While the folk traditions lend themselves to learning in “the usual way,” the fugue structure is benefitted by “regular singing.” Thus, master singing teachers developed methods for easing the learning of sight reading music.  To that end, shape note music and “fa-so-la” syllable training was born. Shape note singing is often referred to as Sacred Harp singing, so named for the tunebook published by White and King in 1844.  Today, most of the “singings” in America use the Sacred Harp book. The Sacred Harp, like The Southern Harmony, uses the four-shape system, or “fa-so-la-mi” syllables.  
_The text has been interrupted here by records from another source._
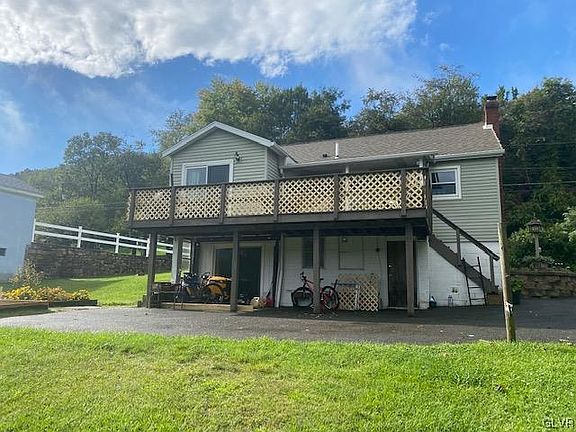 4th image of 117 W White Bear Dr
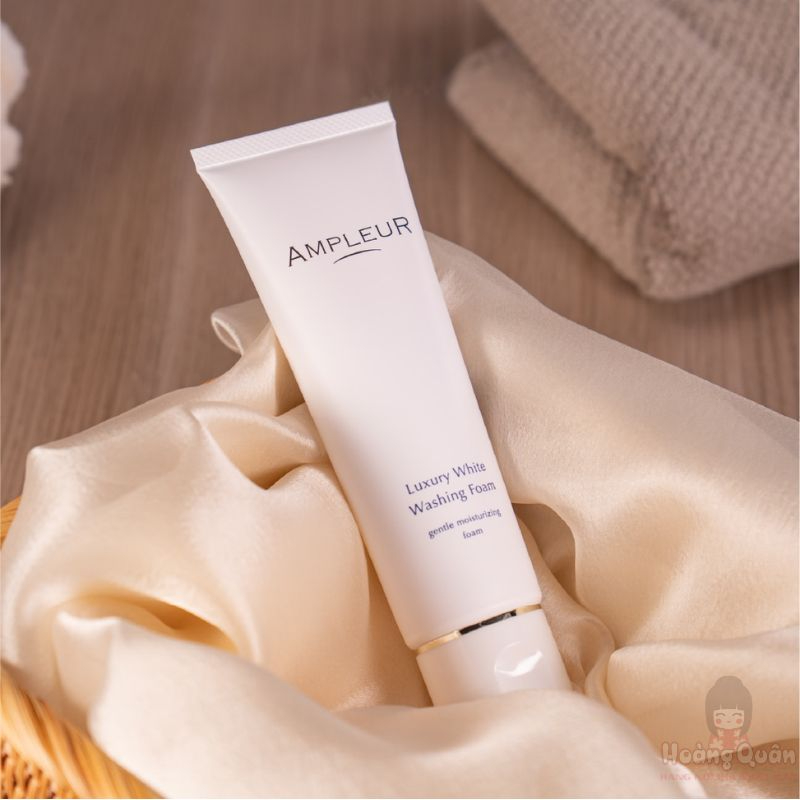 sua-rua-mat-tao-bot-duong-trang-ampleur-luxury-white-washing-foam-130g-gia-re.jpg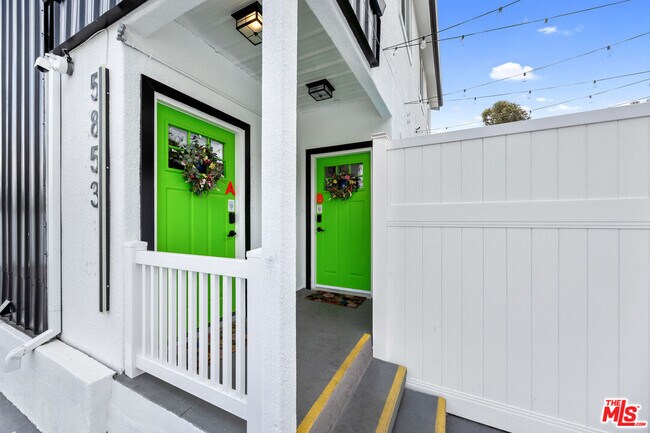Building Photo - 5853 Vineland Ave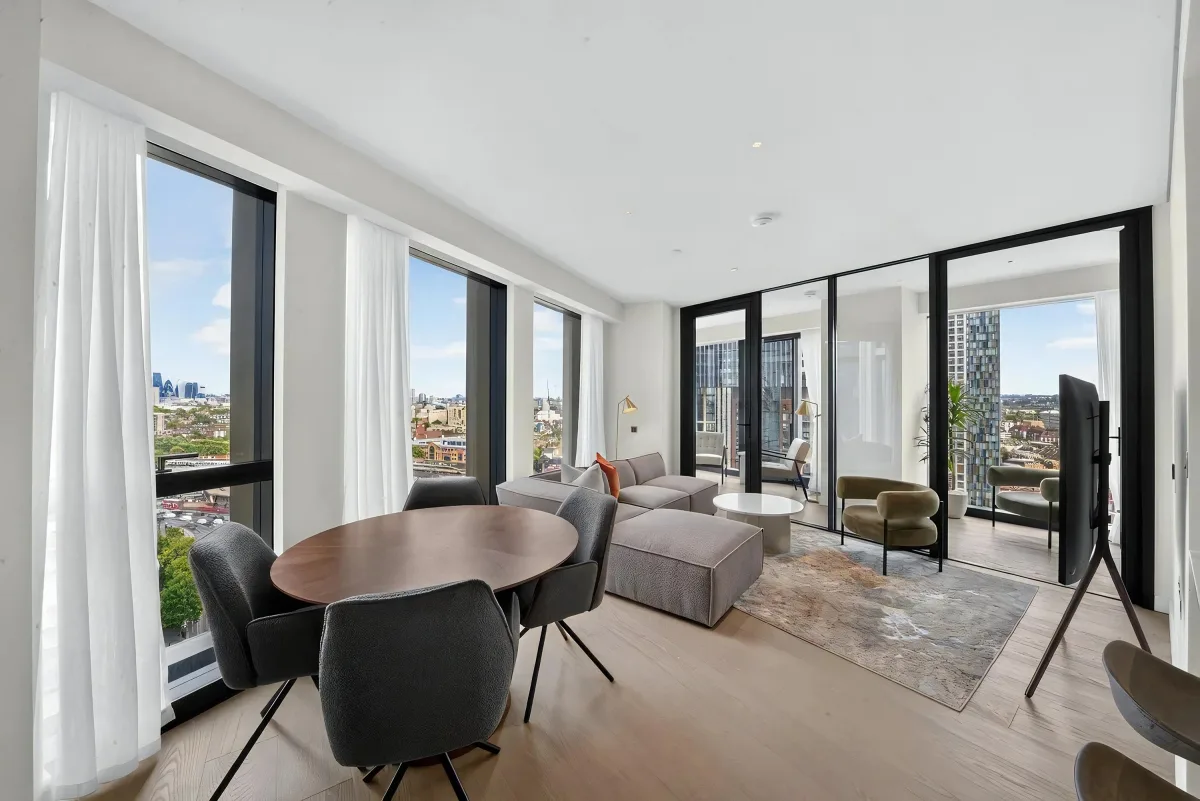 Flat Nine Elms Lane in Greater London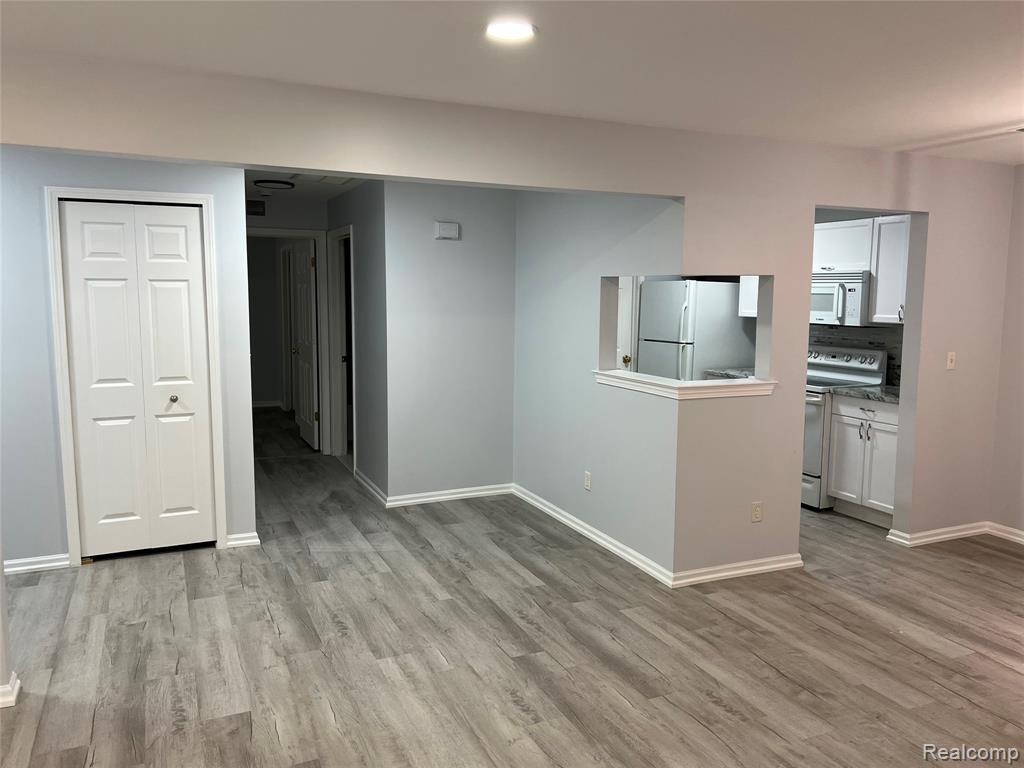 5408 Pine Aires Drive, Sterling Heights, MI 48314 — Photo 12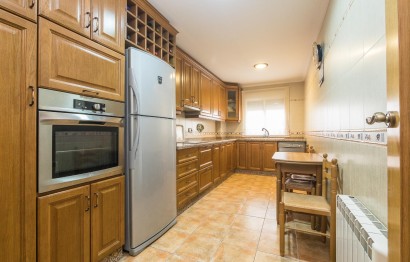 Resale - Apartment / flat - Pinoso - Comunidad valenciana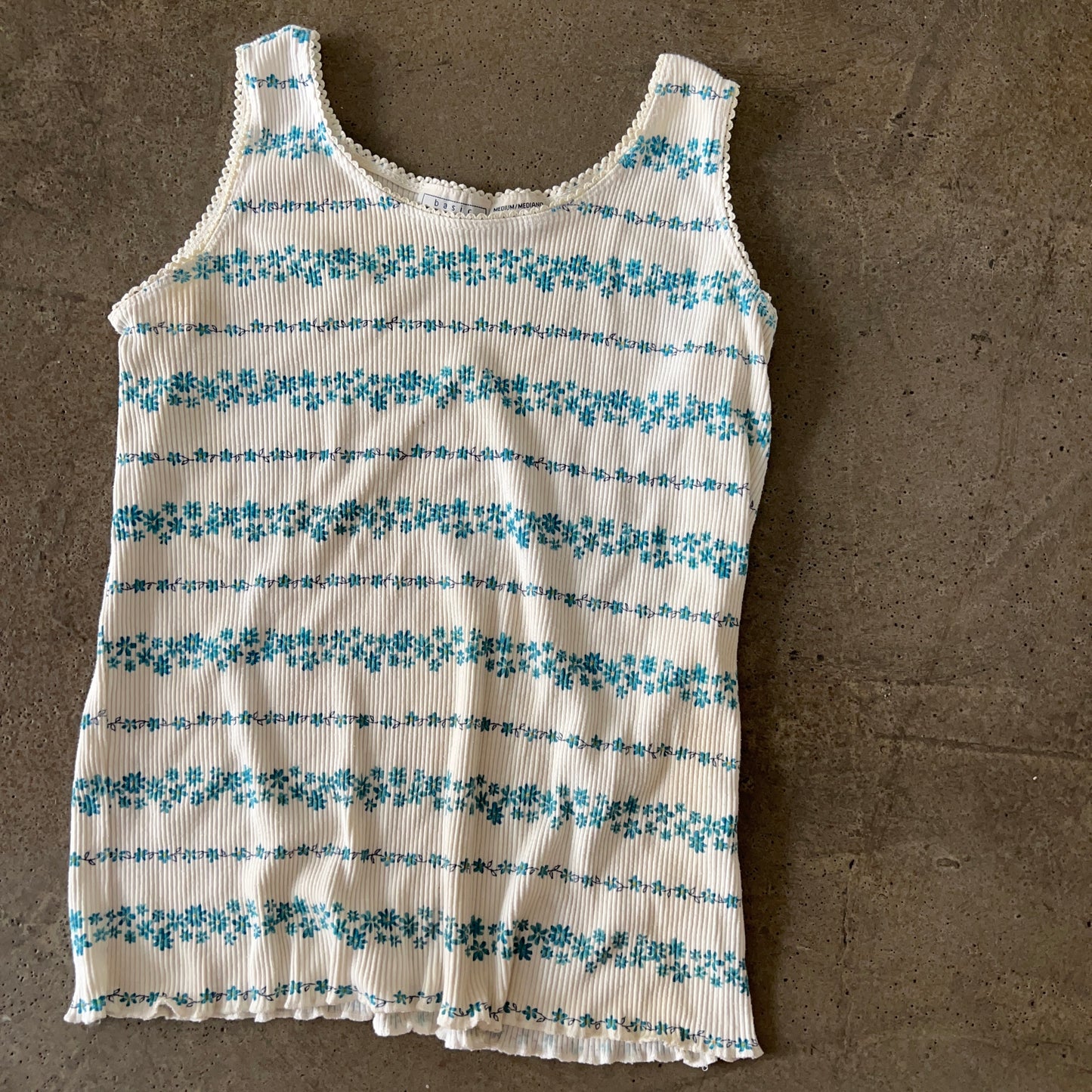 (Women’s M/L) Y2K Flower Top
When a song is begun, the singers sing the tune by the syllables first and then sing the words of the verses.  This is reminiscent of the days of the singing schools when the object was to teach sight reading.  By the twentieth century, shape note singing was almost extinct, but for a few churches in the South that still used shape note hymnals.  A revival (in urban settings, of all places) for American folk music traditions brought back shape note singing and “singings” can now be found all over the country.  “Singings” are not rehearsals or performances; they are gatherings of singers who meet to sing the old Sacred Harp songs.  While the tradition rose out of religious settings and the music are hymns, psalms and anthems, “singings” are entirely secular these days. If you’ve never heard shape note singing, your first audition of it may be quite shocking!  The tone is very raw and earthy and the volume is LOUD. 

It’s a curious and circuitous route that hymns in our hymnal take.  A tune that derives from a catchy folk tune sung in the public houses of Britain during the days of the Restoration migrates to America. The tune is adapted and set with a psalm and becomes familiar as a hymn to Colonists in New England churches.  It is collected into a hymnbook compiled for use in the Deep South and given all new harmonies. It virtually disappears in the Northeast until it is collected, complete with new harmonies, into a songbook whose purpose and audience is secular. As the tune once again fades into near extinction when the secular purpose no longer holds public sway, a new revival takes note and the tune is included in a modern hymnal, but given credit as originating from a Southern songbook. And so it will continue.